Banks Rally on the Volcker Rule

As many of you know, I live in Washington, DC and as much as I love this city, it’s notoriously ill-prepared to deal with snow. Even a little sends us into a panic. If the Soviets had only known! We’re getting a modest dusting of snow, and the place is almost completely shutdown.

The S&P 500 closed at an all-time high yesterday and we’re down just a tad so far this morning. One area of strength is big banks. The government unveiled the “Volcker Rule” today, named after the former Fed chairman. The rule limits what banks are allowed to trade under their own accounts.

The belief behind the rule is that it’s highly unstable for the economy if banks can take depositors money, which is insured, and start gambling with it. It’s taken a long time for regulators to come up with the precise wording of the rule. The rally in bank stocks is because the regulations aren’t as onerous as feared.

Shares of JPMorgan ($JPM) got above $57 earlier today, and Wells Fargo ($WFC) is over $44, and close to a new 52-week high.

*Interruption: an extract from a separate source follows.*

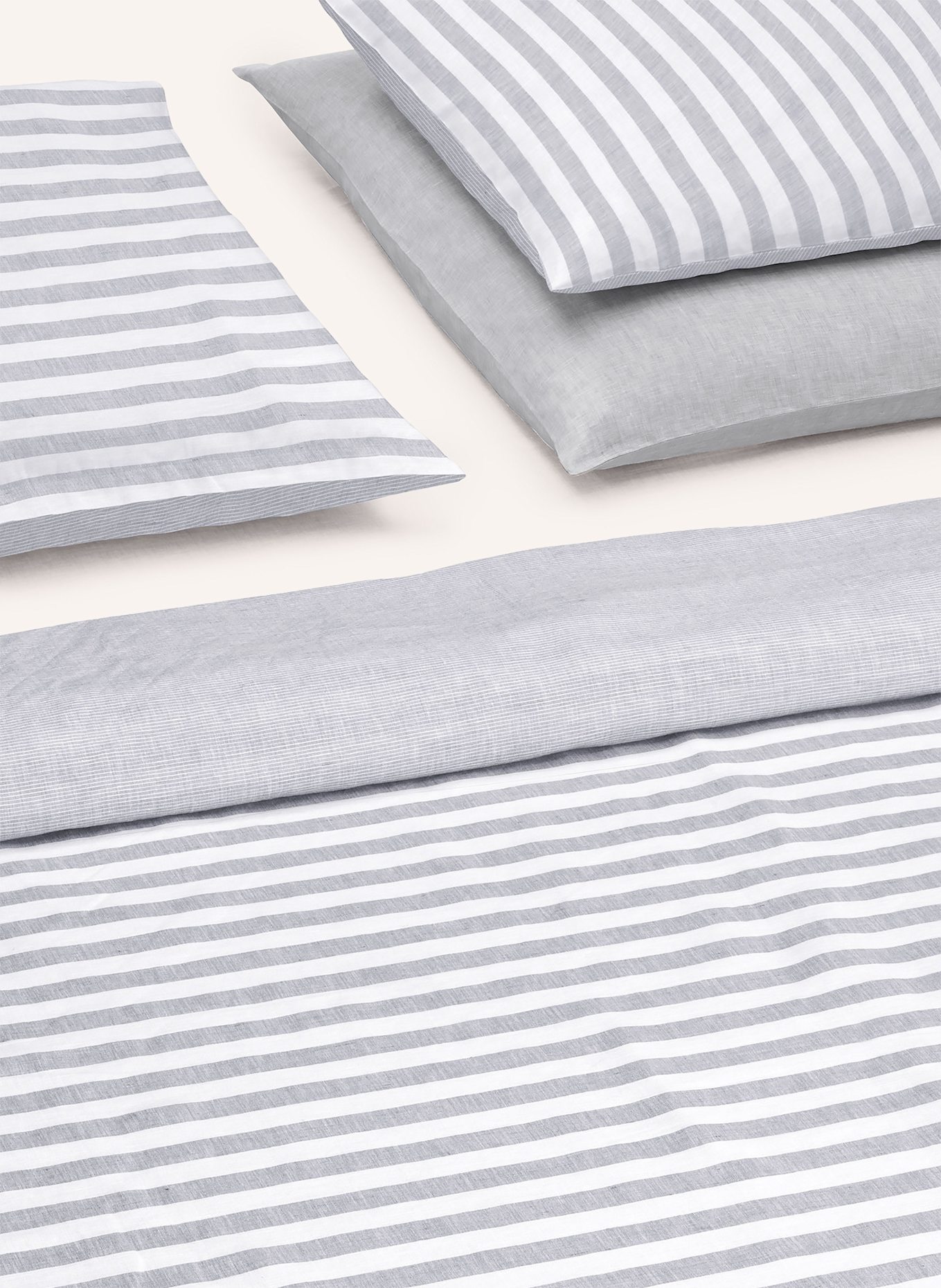 Christian Fischbacher Bettwäsche SUMMERTIME: HELLGRAU / WEISS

Investor’s Business Daily profiles DirecTV ($DTV) ahead of their investor day on Thursday. What’s impressed me about DTV is how they’ve been able to reduce share count with their buybacks. Over the last seven years, the number of outstanding shares is down 57%.

While the company has certainly done well, there are concerns about its subscriber growth in Latin America, especially in Brazil. While any business issues may impact the bottom line, it seems that DTV will plow ahead with their generous stock repurchase plan. The company has also been able to raise prices to offset slower subscriber growth.